The idea is that we want to move most of the logic to Router.Utils. One suggestion I have is to create a build_path_head function, which is like build_path_match but it returns a triplet with {vars, match, guards}. This function can use the new parse_suffix_identifier internally. build_path_match will continue to exist but it should raise if the new patterns ":foo-bar" are used.

The benefit of moving this to the utils module is that later on adding this feature to Phoenix will be much easier (or any other framework). Thank you and have a great weekend!

Hello @josevalim many thanks for the review. The utils functions were part of an iteration to address your previous comment re. 1) use of regex, 2) a generalisation concept of suffix and 3) removal of suffixes from conn params (id variables still capturing the whole string foo.json, otherwise, we'd be back to the issue with . splitting breaking things again?). I updated the PR now with the outcome of the iteration - see if this makes sense.
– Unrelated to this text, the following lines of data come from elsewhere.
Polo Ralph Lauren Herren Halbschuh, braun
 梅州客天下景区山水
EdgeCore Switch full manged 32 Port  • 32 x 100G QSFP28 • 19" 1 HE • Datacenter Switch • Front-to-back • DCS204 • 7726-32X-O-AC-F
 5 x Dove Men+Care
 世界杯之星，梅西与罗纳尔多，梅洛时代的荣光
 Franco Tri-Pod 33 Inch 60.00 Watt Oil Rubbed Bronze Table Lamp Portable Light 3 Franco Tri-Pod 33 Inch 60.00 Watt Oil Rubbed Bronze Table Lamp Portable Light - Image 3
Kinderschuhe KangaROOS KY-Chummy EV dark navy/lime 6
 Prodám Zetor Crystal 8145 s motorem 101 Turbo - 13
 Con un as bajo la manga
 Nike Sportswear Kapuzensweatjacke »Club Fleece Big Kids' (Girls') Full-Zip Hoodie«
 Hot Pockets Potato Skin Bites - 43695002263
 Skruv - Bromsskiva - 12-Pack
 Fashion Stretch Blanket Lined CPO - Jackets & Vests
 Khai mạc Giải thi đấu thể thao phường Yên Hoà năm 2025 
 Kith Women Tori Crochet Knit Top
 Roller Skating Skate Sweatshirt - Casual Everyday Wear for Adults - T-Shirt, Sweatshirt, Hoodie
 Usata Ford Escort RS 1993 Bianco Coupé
Shall consider the latest comments next. After this iteration and inflating the code in Router some what, I definitely agree we need to encapsulate the logic in __route__ and Router.Utils. Also at the moment, suffix removal is done by rewriting params in do_match, wondering if there's a smarter way to do so before the function.

boonious commented 3 years ago

Addressed the comments surrounding the utils, refactored and moved the suffix guards injection logic to Router.Utils in the latest commits. Next, going to figure out how to build the right matcher and provide identifier values (minus suffix) properly via AST.

boonious commented 3 years ago

👋 hello @josevalim, good evening from rainy Britain, I refactored all the logic into Router.Utils and distilled the changes in Plug.Router to just a single line via build_path_head as suggested.

For an identifier with suffix, e.g.:id.json, conn.params and conn.path_params now returning value from a value.json match. But, despite conn.params returning value, there is an issue (last remaining I think) relating to the identifier (id) var in the underpinning idea:

id when binary_part(id, byte_size(id) -  byte_size(".json"), byte_size(".json")) == ".json"

which requires id to capture the entire value.json while it should actually also return value. For example, a test in this PR currently works like this:

get "/9/:bar.json" when bar != "value.json" do
  resp(conn, 200, inspect(bar))
end

however, it should function in this way (guard without .json) according to Plug DSL:

get "/9/:bar.json" when bar != "value" do
  resp(conn, 200, inspect(bar))
end

get "/9/:bar.json" when bar in ["this_value", "that_value"] do
  resp(conn, 200, inspect(bar))
end

This brings a question of how a matcher can be defined given a priori suffix info. For example, /foo/:id.json is parsed into ["foo", {"", ":id", ".json"}]. Can this be used to build matcher in AST, say for /foo/value.json?

# currently
["foo", id] matches ["foo", "value.json"] # id = "value.json"

# needs, where ?? AST includes var `id` and ".json"
["foo", ??] matches ["foo", "value.json"] # id = "value"

This seems impossible (can't id <> ".json" = "value.json") unless I'm missing some matching trick : (

As I writes this, rebinding id in do_match springs to mind 🤔, going to try that.

josevalim commented 3 years ago

Yup, rebinding first thing in do_match is the way to go!

boonious commented 3 years ago

Hello @josevalim here it is! A working version at last with latest commits addressing what I hope to be the remaining thorny issues: 1) rebinding variables in do_match 2) injecting suffix into var guard values at compile-time, e.g.:

get "/9/:bar.json" when bar != "value" # compiled to bar != "value.json"
get "/9/:foo/:bar.json" when bar in ["value1", "value2"] and foo != "bar" # -> bar in ["value1.json", ..]

The suffix value injection is slightly more complicated than expected, given various existing guard functions. For example, the use of byte_size on a suffix var will require adding suffix length to integer instead of appending string. This PR currently limits the scope to comparison operators (:==. :!= etc.), :in. It will raise if other guard functions are used in conjunction with suffix vars.

Have a great week ahead!

kevinlang commented 3 years ago

This is also useful for sites with SEO considerations in URL naming. For example, a job site may want to have the route for jobs for a given programming language be something like /:language-jobs, e.g., /elixir-jobs.

josevalim commented 3 years ago

Apologies, this fell through the cracks. I will be looking into this today.

josevalim commented 3 years ago

:green_heart: :blue_heart: :purple_heart: :yellow_heart: :heart: